Sin duda, es un récord. Nadie había sido capaz de enfadar a todo el mundo –literalmente– en tan poco tiempo.

Por extremas que sean, no está claro que las medidas del presidente den resultados. Por ejemplo, el veto de visados contra siete países musulmanes pasa por alto un detalle: los terroristas que han atentado en Estados Unidos durante los últimos años son todos ciudadanos estadounidenses. 

Tampoco es evidente la efectividad del muro en la frontera para contener la migración mexicana. Y, desde luego, si Trump espera que México financie el muro mediante impuestos a sus productos, quienes pagarán al final serán los consumidores de Estados Unidos.

Evidentemente, el presidente Trump tiene acceso a esta información. Pero entonces, ¿por qué se esmera en destrozar 70 años de trabajo diplomático? ¿Qué necesidad hay de manejar las relaciones internacionales como un elefante en una cristalería? 

Muchos de sus detractores acusan a Trump de ser simplemente incompetente e inexperto. Se equivocan. Sí que piensa, y con mucha claridad. Es solo que piensa en otra cosa. A saber: en sí mismo.

El nuevo presidente, curtido en apariciones de cine y televisión, tiene un papel que cumplir. Dijo a sus votantes que él sería diferente, y ahora debe darle a la audiencia lo que compró. Según su discurso, todos los políticos saben lo que hay que hacer, pero al tomar el poder, se venden al sistema y olvidan sus promesas.
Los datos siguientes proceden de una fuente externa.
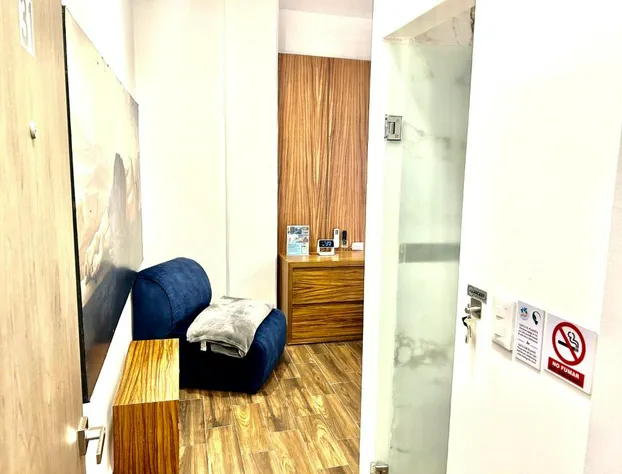 Sky Inn Cancun hotel detail image 4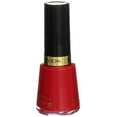 thumbnail image 5 of Revlon Nail Enamel, Revlon Red [680] 0.50 oz (Pack of 4), 5 of 5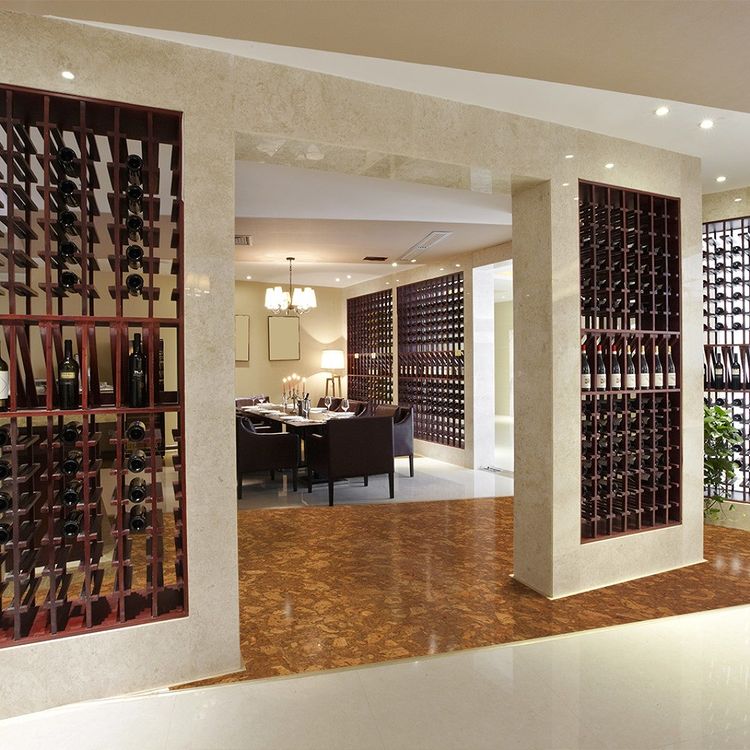 Elegant Cork Flooring Dubai 2021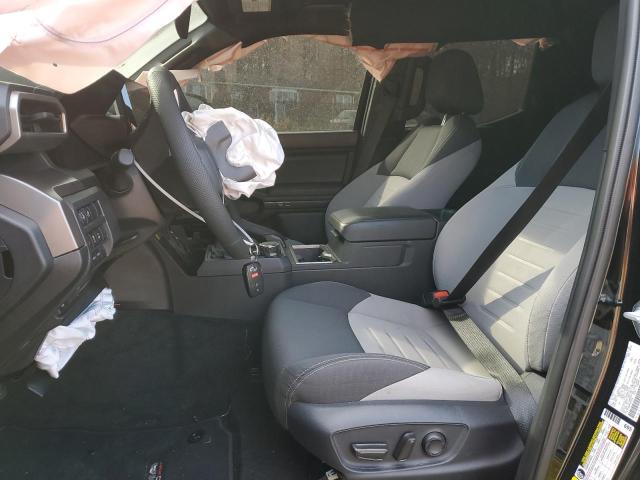 Photo 7 from auction – 2024 TOYOTA TACOMA DOU with VIN 3TMLB5JN8RM052596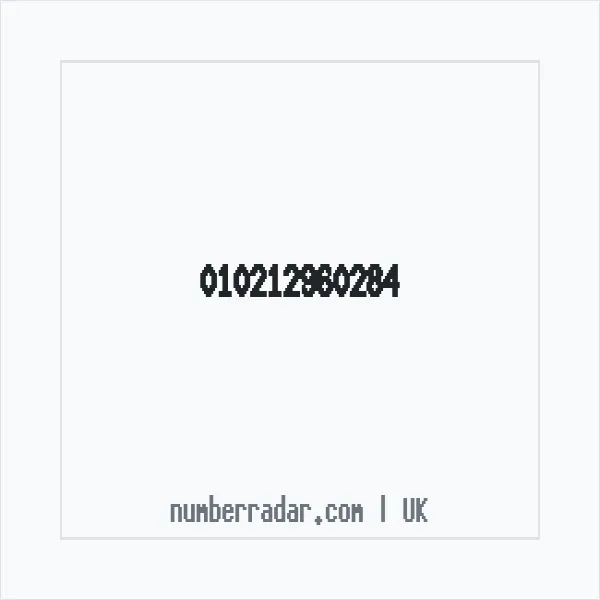 Reverse number check for +44 (1021) 296-028 — who called me?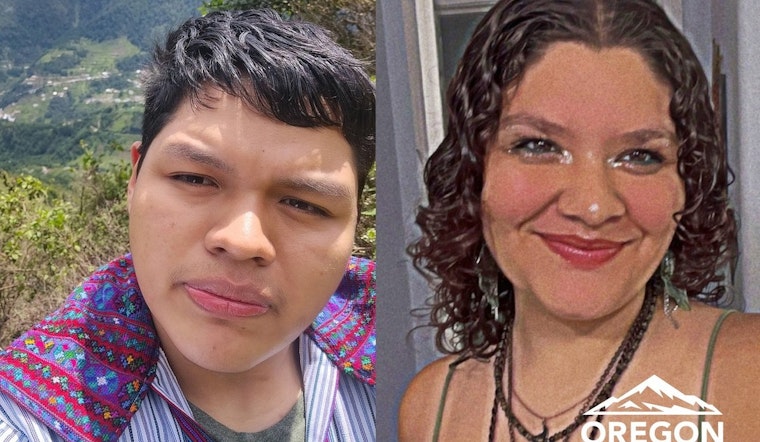 Oregon State Treasury Awards Diversity in Leadership Scholarships to Two Inspiring High School Graduates
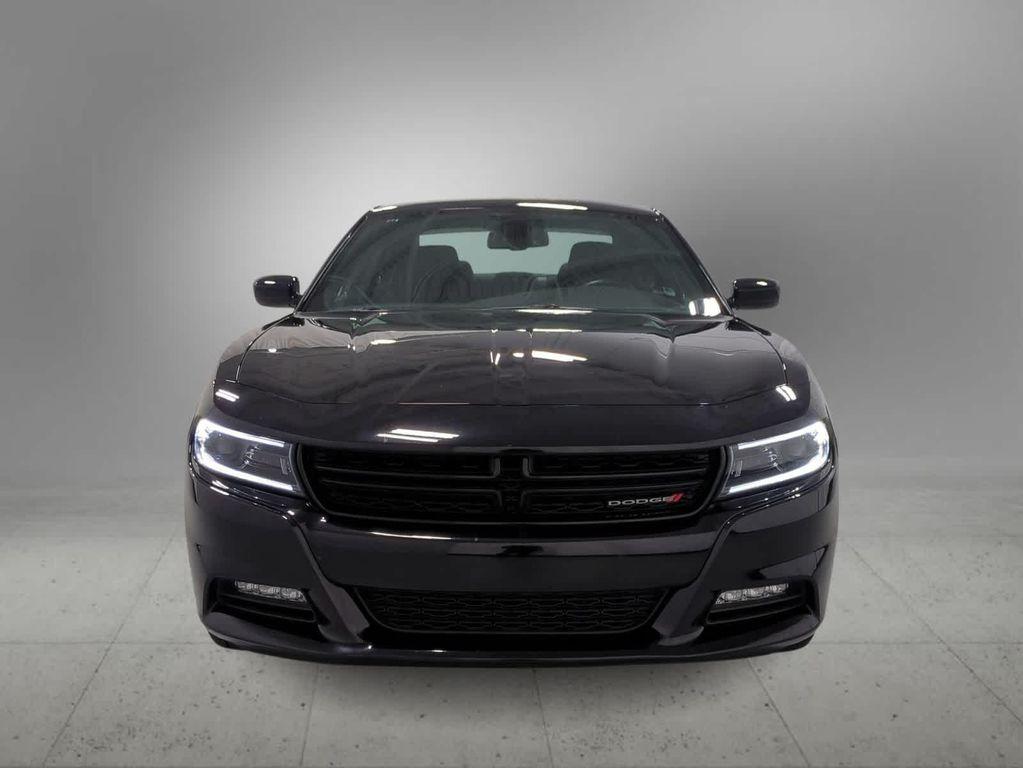Dodge Charger 2023
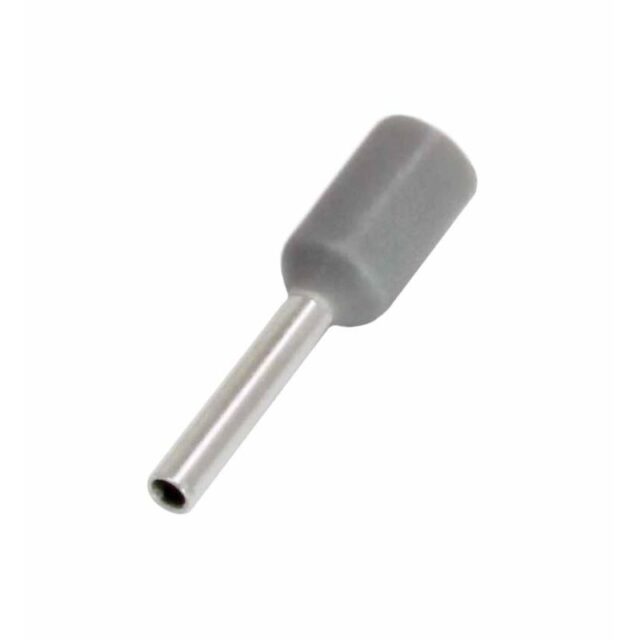 Isolatsiooniga kaabli hülss 0.75mm2 100tk - Image 2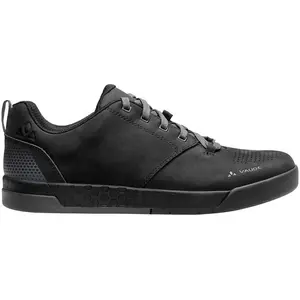 Vaude - AM Moab - Chaussures de cyclisme taille 39, noir/gris pas cher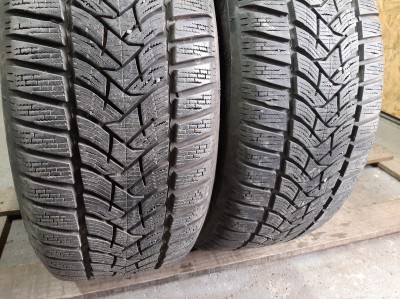 Dunlop Winter Sport 5…//. 215/50R 17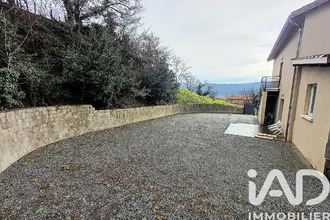 achat maison givors 69700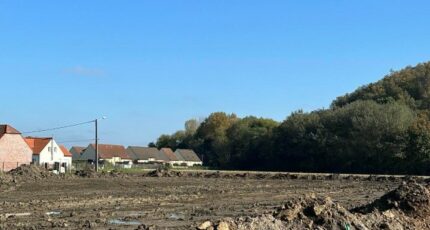 Carvin Terrain à bâtir - 2128666-10130annonce320250409bHLzy.jpeg Maisons France Confort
En cambio Trump, como todo actor, se debe a su público (un público que comparte sus valores: el 48% de sus compatriotas aprueba el veto contra musulmanes).

Las decisiones de la Casa Blanca son tan apresuradas que ni siquiera esperan informes del Ministerio del Interior o de sus propios asesores legales. Tienen que ser trepidantes, porque funcionan con el ritmo de un programa de televisión. Si la gente se aburre, cambia de canal. Para que no caiga la audiencia, por ejemplo, el presidente ha colocado al mando del Consejo de Seguridad Nacional al director de un periódico sensacionalista. 

Mientras firma leyes a lo bruto, Trump es increíblemente detallista para criticar a su competencia: los medios de comunicación. Veta a CNN, acusa a los informativos de sembrar el caos y tuitea compulsivamente contra cada periódico que lo critique. Incluso contra el programa cómico donde lo parodiaron, o la revista que hizo una mala crítica de uno de sus restaurantes. Su objetivo real no es político, sino mediático: quiere que su personaje monopolice el ‘share’.

Trump sabe perfectamente lo que hace. Solo que no dirige un país. Conduce un ‘reality show’. Y si el ráting lo exige, está dispuesto a convertirlo en una película de terror.